原子力損害賠償紛争解決センターによる和解の仲介申立て受付開始に際しての会長声明

本年9月1日から、原子力損害賠償紛争解決センター(以下「センター」という。)が和解の仲介申立ての受付を開始する。



既に政府から発表されているとおり、センターは原子力損害賠償紛争審査会の中に設置された裁判外紛争解決手続機関である。今回の東京電力福島第一、第二原子力発電所事故(以下「本件事故」という。)においては、その被災者は数十万人規模に上るともいわれており、その膨大な数の被災者が被った経済的、精神的損害等に対する賠償の内、当事者間の交渉で解決しないものを、すべて訴訟等裁判所における手続で解決することは、解決までに長期間を要する可能性が高く、経済的にもまた心理的にも窮地に立たされている被災者の迅速な救済という点において問題である。また、現在の裁判所の人的物的態勢からみてもこれだけの数の訴訟等の手続を処理するのは困難を極めると思われる点からも、このような裁判外紛争解決機関を設置して公正かつ迅速な解決の仕組みを用意することは当事者双方にとって重要な意義を有する。



当連合会では、かねてから、多数の被害者の公正かつ迅速な救済のために、原子力損害賠償に係る紛争解決に特化した独立の中立的な裁判外紛争解決機関を立法により設立すべきことを訴えてきた。センターが文部科学省の管轄する原子力損害賠償紛争審査会の中に設置されていることについては、独立した紛争解決機関としては、必ずしも理想的なものではないともいえる。他方、センターは、文部科学省のみならず裁判所、法務省及び弁護士会が協力して設立された準司法的な性格の紛争解決機関であり、その早期の設置は、現状において考え得る妥当な当面の措置であると考えられる。



当連合会は、各弁護士会からの協力を得て、実際に事件の仲介を行う和解仲介委員及びセンターの事務局として和解仲介委員を補佐する調査官等として多数の弁護士を推薦しており、今後、弁護士をはじめとした法曹がセンターの中核を担っていくこととなる。



和解仲介委員及び調査官等は、今後、被災者の被った損害について、適正な手続の下、中立公正な立場から、迅速な紛争解決のために尽力をしていくこととなる。センターが今後被災者や国民一般から信頼を得られるものとなるかどうかは、これら和解仲介委員や調査官等の活動にかかっているのであり、その任務と責任は重い。
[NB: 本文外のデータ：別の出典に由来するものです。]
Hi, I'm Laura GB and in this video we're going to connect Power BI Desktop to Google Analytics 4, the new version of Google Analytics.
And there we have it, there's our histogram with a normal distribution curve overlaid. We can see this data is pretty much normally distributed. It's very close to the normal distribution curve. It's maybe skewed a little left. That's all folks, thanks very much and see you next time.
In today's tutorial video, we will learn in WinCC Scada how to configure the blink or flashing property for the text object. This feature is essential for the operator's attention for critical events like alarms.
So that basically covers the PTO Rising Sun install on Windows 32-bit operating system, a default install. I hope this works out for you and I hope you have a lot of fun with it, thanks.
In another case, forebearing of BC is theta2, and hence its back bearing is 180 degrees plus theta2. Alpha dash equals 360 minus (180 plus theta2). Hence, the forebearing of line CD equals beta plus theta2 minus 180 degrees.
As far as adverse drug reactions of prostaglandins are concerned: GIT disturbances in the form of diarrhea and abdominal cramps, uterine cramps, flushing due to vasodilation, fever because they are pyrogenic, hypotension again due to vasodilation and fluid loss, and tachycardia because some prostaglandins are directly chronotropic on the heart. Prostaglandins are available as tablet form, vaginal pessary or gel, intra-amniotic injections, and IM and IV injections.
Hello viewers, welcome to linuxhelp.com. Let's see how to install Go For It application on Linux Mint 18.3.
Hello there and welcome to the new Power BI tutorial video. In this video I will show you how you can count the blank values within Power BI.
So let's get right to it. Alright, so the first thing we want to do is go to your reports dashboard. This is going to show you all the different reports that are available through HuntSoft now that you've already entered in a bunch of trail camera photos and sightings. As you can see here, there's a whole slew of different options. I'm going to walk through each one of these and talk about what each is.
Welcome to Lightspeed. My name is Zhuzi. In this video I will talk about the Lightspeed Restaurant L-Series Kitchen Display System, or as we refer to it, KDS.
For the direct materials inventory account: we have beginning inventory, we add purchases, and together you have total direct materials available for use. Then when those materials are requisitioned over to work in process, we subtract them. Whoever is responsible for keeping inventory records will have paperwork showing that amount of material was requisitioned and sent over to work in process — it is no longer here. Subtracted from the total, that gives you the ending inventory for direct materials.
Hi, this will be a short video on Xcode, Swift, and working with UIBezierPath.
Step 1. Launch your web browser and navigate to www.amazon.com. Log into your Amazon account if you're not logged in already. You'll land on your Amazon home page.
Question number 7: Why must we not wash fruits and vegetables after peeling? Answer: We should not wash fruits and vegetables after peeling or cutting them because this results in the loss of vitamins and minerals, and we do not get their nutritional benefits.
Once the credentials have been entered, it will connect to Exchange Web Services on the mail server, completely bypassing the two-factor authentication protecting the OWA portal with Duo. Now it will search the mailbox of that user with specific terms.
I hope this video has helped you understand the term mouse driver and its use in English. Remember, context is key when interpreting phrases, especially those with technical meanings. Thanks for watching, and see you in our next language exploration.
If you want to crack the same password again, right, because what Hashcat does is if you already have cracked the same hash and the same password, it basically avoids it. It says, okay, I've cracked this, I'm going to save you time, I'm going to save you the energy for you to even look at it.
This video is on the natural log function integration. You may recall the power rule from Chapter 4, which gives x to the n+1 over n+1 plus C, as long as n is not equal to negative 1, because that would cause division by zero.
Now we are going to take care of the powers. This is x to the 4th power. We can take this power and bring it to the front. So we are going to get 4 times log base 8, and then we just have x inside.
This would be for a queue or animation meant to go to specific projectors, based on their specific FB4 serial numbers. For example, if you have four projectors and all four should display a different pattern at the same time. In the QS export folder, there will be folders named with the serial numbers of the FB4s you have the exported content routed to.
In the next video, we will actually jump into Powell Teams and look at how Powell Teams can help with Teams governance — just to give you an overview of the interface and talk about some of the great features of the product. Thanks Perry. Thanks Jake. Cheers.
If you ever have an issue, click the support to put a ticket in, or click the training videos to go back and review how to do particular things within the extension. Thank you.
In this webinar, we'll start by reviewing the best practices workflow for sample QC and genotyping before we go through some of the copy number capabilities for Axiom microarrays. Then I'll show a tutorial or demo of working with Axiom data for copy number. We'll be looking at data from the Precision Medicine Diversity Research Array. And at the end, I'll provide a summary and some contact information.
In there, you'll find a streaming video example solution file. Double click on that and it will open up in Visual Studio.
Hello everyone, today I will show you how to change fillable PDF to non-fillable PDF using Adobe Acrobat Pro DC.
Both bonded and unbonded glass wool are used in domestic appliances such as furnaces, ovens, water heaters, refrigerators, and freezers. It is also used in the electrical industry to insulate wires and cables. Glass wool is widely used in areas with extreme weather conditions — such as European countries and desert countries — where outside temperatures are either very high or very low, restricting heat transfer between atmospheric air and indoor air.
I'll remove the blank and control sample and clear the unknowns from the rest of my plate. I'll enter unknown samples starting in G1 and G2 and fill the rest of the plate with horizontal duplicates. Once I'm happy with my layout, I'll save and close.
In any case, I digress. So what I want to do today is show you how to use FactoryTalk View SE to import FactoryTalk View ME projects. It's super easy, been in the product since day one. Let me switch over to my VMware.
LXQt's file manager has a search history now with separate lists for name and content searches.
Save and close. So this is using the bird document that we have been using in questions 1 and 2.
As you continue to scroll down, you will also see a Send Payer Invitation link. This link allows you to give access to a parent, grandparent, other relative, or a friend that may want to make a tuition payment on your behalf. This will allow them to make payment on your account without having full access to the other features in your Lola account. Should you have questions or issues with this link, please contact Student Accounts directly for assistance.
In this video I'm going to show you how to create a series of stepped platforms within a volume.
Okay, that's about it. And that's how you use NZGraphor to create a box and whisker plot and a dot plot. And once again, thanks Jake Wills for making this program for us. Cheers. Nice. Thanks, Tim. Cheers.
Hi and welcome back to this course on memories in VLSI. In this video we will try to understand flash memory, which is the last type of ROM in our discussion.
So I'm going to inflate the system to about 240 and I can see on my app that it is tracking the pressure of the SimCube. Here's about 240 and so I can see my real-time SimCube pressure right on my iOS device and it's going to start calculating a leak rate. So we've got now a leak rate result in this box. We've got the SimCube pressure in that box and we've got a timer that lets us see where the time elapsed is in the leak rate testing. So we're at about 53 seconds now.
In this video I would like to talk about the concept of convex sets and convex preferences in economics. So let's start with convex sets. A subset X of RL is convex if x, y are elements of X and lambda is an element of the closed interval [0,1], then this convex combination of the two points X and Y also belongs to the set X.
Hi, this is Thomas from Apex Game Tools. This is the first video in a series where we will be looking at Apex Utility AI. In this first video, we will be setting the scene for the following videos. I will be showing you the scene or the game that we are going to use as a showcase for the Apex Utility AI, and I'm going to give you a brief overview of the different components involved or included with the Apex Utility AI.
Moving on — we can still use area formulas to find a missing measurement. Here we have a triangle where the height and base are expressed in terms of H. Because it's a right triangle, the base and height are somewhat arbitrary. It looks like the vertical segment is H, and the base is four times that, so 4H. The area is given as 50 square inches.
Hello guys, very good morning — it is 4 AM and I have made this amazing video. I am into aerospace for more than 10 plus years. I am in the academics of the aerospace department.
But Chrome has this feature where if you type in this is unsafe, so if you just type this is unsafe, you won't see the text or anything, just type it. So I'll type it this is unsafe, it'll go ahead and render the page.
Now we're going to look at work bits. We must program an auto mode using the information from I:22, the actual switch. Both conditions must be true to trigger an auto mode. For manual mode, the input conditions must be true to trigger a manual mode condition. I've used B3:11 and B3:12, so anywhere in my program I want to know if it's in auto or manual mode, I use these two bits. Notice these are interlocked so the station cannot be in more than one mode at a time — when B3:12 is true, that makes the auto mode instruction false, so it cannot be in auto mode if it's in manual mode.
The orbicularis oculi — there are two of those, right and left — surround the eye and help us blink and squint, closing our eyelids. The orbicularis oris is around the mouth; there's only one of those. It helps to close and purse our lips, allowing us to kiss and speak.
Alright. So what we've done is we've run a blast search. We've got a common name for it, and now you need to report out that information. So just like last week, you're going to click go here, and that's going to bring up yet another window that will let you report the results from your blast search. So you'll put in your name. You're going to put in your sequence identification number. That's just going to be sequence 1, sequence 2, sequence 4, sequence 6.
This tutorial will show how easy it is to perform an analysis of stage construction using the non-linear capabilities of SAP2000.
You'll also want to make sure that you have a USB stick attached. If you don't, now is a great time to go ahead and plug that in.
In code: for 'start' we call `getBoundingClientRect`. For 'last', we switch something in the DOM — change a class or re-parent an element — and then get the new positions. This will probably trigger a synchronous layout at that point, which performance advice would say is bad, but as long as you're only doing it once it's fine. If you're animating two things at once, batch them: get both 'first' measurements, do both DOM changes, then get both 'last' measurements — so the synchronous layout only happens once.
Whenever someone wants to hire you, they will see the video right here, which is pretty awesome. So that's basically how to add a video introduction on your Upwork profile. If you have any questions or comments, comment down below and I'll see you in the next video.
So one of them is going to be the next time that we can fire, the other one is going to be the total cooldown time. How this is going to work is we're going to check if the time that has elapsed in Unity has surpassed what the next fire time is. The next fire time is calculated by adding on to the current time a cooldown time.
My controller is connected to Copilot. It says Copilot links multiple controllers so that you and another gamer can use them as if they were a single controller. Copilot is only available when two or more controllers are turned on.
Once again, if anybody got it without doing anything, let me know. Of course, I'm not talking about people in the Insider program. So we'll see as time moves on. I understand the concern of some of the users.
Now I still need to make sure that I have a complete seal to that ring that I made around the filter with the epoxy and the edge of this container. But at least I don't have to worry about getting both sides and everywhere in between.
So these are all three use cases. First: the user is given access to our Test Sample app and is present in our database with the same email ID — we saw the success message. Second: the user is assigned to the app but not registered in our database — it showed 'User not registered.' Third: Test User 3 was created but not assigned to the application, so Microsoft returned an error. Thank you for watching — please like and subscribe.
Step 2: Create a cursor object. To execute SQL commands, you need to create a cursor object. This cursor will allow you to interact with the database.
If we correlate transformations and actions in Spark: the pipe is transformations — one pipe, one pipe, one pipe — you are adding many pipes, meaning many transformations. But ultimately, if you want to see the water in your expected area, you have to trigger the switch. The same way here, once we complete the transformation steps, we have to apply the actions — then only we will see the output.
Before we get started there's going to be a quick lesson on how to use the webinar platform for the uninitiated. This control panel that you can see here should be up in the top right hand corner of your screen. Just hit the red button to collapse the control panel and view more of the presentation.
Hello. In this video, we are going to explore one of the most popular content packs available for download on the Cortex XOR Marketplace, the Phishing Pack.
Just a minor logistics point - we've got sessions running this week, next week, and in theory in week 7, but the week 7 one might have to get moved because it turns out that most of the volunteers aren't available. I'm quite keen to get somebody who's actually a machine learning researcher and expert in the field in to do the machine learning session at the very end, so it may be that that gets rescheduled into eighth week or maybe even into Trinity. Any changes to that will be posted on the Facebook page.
当連合会は、先の見えない苦しみの中に置かれている被災者の方々が、憲法上保障された生活、権利及び人間の尊厳を回復するための足掛かりとなるよう、センターが適正に運営されることを見守るとともに、全力でこれをバックアップする所存である。また、全国の弁護士がセンターへの申立てをはじめとする原子力損害賠償の相談に応ずるよう、必要に応じ適切な態勢を整える。被災者の方々におかれては、原子力損害賠償紛争の解決の重要な選択肢として、センターへの申立てを積極的に検討していただくよう、また弁護士に相談していただくよう、お願いしたい。



最後に、当連合会は、前述のとおり、センターを独立した裁判外紛争解決機関として位置付けるとともに、①センターにおける紛争解決の実効性を確保するため、和解の仲介を行うほか、センターが相当と認めるときは、紛争についての裁定を行うことができるものとすることを含めた措置を講ずること、②センターの紛争解決手続における被害者の請求は、時効中断効を有するものとすること、③裁判所とセンターの手続の間に連携措置を講ずることなどの立法措置が採られるべきであると考えており、その早期の実現を、関係政府機関及び国会に対し、改めて要望するものである。